Analysis of CDNs Serving Top Alexa Sites

Here’s a quick-and-dirty analysis of the CDNs used by the top Alexa websites that I recently knoecked together for a side project. Leaving it here in case it is useful for others interested in the subject.


CDN Discovery

Using a basic Python script, I queried the top 500 Alexa sites to identify if they are being served by a CDN. Because CNAME records are not returned for all DNS lookups, I relied on another methodology: check if the IP address in a DNS lookup ANSWER section belongs to the domain in question or not. The results are summarised in the following figure (restricted to CDNs serving 3 or more top 500 Alexa sites).

cdn_freqs

Insights

There are no groundbreaking insights from this plot: it shows CDN popularity amongst the top 500 websites. This contains a mix of different CDN provider types. As expected, traditional CDNs like Cloudflare, Fastly, and Akamai are among the most popular. Cloud providers are also popular, e.g. Amazon CloudFront and Aliyun (a.k.a. Alibaba Cloud). There are also telcos (e.g. China Unicom), hosting companies (e.g. OVH, Reflected Networks, and Automattic) and others (e.g. IAC Search & Media).

Upon closer look, the Chinese CDNs (such as Chinanet) are used for websites that are primarily targeting users behind the great firewall and also in Laos. This last fact is interesting as there seems to be no Internet censorship in Laos as far as I am aware, so perhaps this warrants further investigation. It might simply be due to its geographical proximity to China and, thus, Chinese CDN PoPs. Google is used by different Alphabet sites, with the exception of Evernote (perhaps a link formed by Chris O’Neill). Apart from this, other CDNs display a mix of different sites with no discernible pattern.

Limitations

There are a number of limitations to the above approach. It does not include CDNs that are serving through HTTP redirects or Anycasting. It also relies on WHOIS, so is vulnerable to any inaccuracies in the data retrieved from there. A potentially more robust alternative method would be to look into tracking CNAME chains.


CDN Response Times

I wrote another Python script to measure the response times (TTFB) of each site. These times were separated into the time needed for DNS resolution (as such, the use of DNS cache was disabled), TCP connection establishment, SSL negotiation (the local certificate bundle was used), and content transfer (RX). libcurl was used to retrieve these times. Each connection attempt was aborted if no response is received within 5 seconds. Each site’s index was first sought using HTTPS. If that timed out, the ‘www’ subdomain was sought instead, again through HTTPS. Failing these, the script reverts to HTTP at the domain and ‘www’ subdomain, respectively. Otherwise, the site is skipped.

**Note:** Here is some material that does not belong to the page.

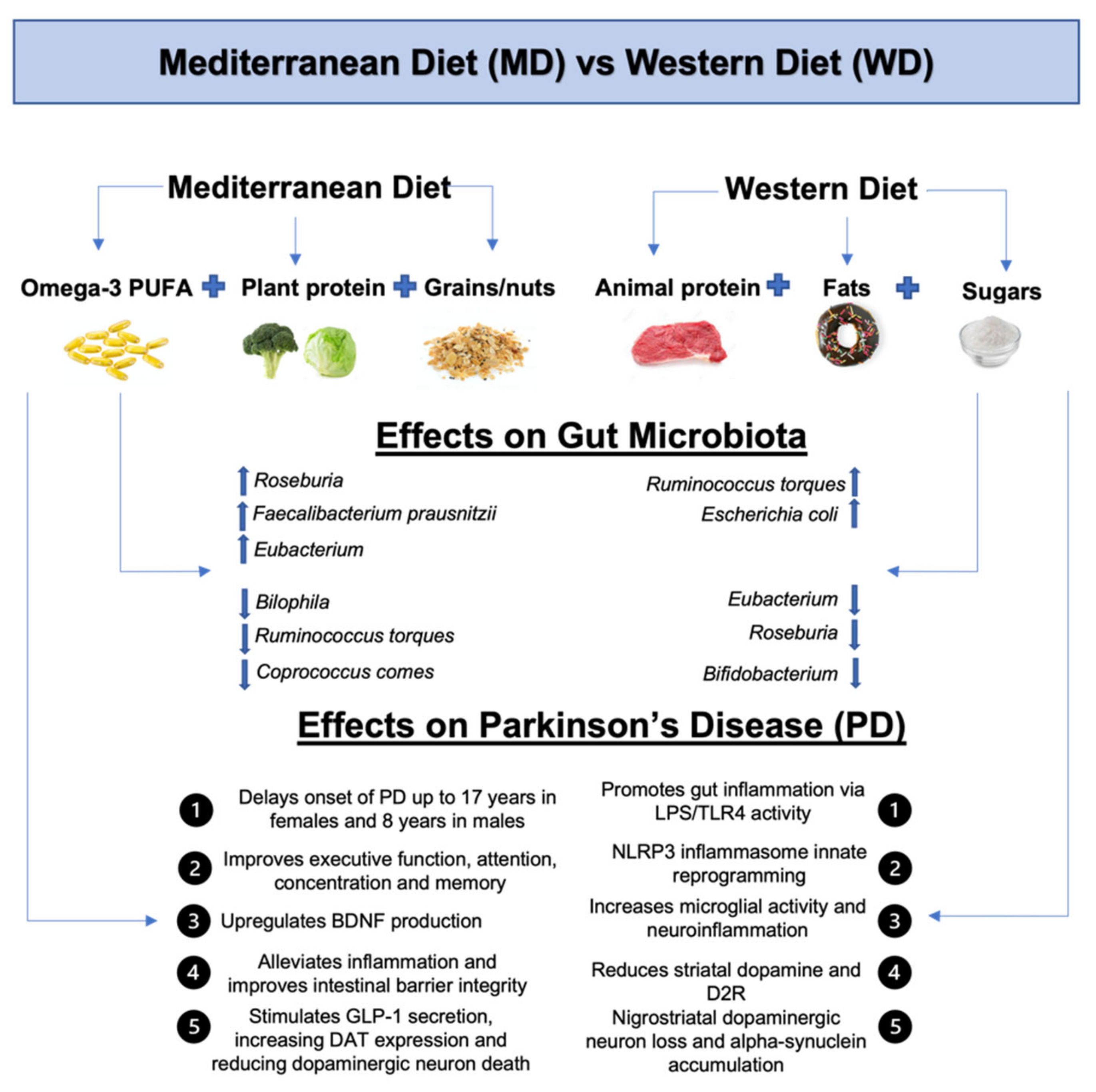 Ijms 23 07503 g003 550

The results are summarised in the plots below, where visualisation is again restricted to the CDNs serving 3 or more of the top 500 Alexa websites. The results are colour-coded by CDN, whose names are printed on the right hand side of each plot.

Insights

This analysis gives us some general CDN comparison results. Some CDNs are better across the board than others. Fastly in particular displays low values for all times. Cloudflare is better than others for DNS, TCP, SSL, but not RX. Similarly, Line’s DNS performance is extremely good but is average for other times. One follow up study from this insight would be to look into how these CDNs operate differently from other CDNs, if at all, and if the sites they serve are of a different nature.

Another general observation is that Telco CDNs (like Chinanet and Japan NIC) seem to fare worse than traditional CDNs (like Akamai and Cloudflare).

The plots uncover other interesting variations within the performance of the sites served by each CDN. For example, there is a wide disparity in the performance of sites served by Akamai. This is particularly evident for DNS and TCP times. The same goes for Chinanet and Google across all times.

Limitations

The approach uses cURL, which returns a slightly different TTFB from that experienced by a user using a web browser. This is something I have looked into in the past (c.f. “Can SPDY Really Make the Web Faster?“) where I used the Chromium browser to retrieve webpages over SPDY and then analysed the resulting HAR and tcpdump files.
An alternative is to use a headless browser like PhantomJS or Selenium, but I found these to be unreliable with varying results that fall in between those of the current methodology and the one used in the paper cited above.

Admittedly, the presented analysis is only a superficial one. More analysis is needed into the distribution of each CDN’s response times to identify where relatively extreme values arise from. An example of this is paytm.com (served by Amazon). Furthermore, a deeper comparison between CDNs across all times could be done to look into where some CDNs outperform others.

The methodology also favours sites not supporting HTTPS as their SSL negotiation times would be 0. This could be resolved by confining the search space to HTTPS results only.

Advertisements

Collaborative LaTeX Editors: ShareLaTeX vs Overleaf

I have used both Overleaf [referral link] and ShareLaTeX [referral link] for multiple collaborative papers over the last 2 years or so. For many months I thought there is little to separate them. I have finally come to a conclusion about which I prefer. Yeah, I took my time. Anyway, here’s why.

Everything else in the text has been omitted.